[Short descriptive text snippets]
▼

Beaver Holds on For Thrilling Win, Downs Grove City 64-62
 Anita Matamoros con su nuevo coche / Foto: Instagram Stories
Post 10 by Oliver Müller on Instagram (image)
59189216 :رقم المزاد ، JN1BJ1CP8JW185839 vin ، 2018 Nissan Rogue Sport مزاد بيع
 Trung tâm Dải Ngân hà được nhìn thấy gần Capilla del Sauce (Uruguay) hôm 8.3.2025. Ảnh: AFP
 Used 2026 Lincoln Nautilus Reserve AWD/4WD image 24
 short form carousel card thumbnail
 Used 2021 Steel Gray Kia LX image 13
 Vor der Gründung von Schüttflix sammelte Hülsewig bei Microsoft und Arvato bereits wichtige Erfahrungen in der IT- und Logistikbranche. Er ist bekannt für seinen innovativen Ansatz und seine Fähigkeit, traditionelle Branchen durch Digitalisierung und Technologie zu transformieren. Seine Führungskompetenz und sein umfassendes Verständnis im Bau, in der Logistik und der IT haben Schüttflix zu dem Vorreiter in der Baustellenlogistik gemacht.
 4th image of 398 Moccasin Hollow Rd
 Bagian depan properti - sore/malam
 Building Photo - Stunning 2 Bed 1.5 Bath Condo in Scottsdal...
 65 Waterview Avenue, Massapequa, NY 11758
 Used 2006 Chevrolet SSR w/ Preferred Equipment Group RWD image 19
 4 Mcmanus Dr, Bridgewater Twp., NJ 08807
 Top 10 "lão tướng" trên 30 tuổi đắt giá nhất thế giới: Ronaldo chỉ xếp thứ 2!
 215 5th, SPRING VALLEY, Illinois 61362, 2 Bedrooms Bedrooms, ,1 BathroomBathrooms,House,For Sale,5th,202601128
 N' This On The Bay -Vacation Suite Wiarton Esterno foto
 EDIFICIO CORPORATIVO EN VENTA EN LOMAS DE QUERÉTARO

▲

* Try it: Copy the data word for word.

* Response to this task:
Beaver Holds on For Thrilling Win, Downs Grove City 64-62
 Anita Matamoros con su nuevo coche / Foto: Instagram Stories
Post 10 by Oliver Müller on Instagram (image)
59189216 :رقم المزاد ، JN1BJ1CP8JW185839 vin ، 2018 Nissan Rogue Sport مزاد بيع
 Trung tâm Dải Ngân hà được nhìn thấy gần Capilla del Sauce (Uruguay) hôm 8.3.2025. Ảnh: AFP
 Used 2026 Lincoln Nautilus Reserve AWD/4WD image 24
 short form carousel card thumbnail
 Used 2021 Steel Gray Kia LX image 13
 Vor der Gründung von Schüttflix sammelte Hülsewig bei Microsoft und Arvato bereits wichtige Erfahrungen in der IT- und Logistikbranche. Er ist bekannt für seinen innovativen Ansatz und seine Fähigkeit, traditionelle Branchen durch Digitalisierung und Technologie zu transformieren. Seine Führungskompetenz und sein umfassendes Verständnis im Bau, in der Logistik und der IT haben Schüttflix zu dem Vorreiter in der Baustellenlogistik gemacht.
 4th image of 398 Moccasin Hollow Rd
 Bagian depan properti - sore/malam
 Building Photo - Stunning 2 Bed 1.5 Bath Condo in Scottsdal...
 65 Waterview Avenue, Massapequa, NY 11758
 Used 2006 Chevrolet SSR w/ Preferred Equipment Group RWD image 19
 4 Mcmanus Dr, Bridgewater Twp., NJ 08807
 Top 10 "lão tướng" trên 30 tuổi đắt giá nhất thế giới: Ronaldo chỉ xếp thứ 2!
 215 5th, SPRING VALLEY, Illinois 61362, 2 Bedrooms Bedrooms, ,1 BathroomBathrooms,House,For Sale,5th,202601128
 N' This On The Bay -Vacation Suite Wiarton Esterno foto
 EDIFICIO CORPORATIVO EN VENTA EN LOMAS DE QUERÉTARO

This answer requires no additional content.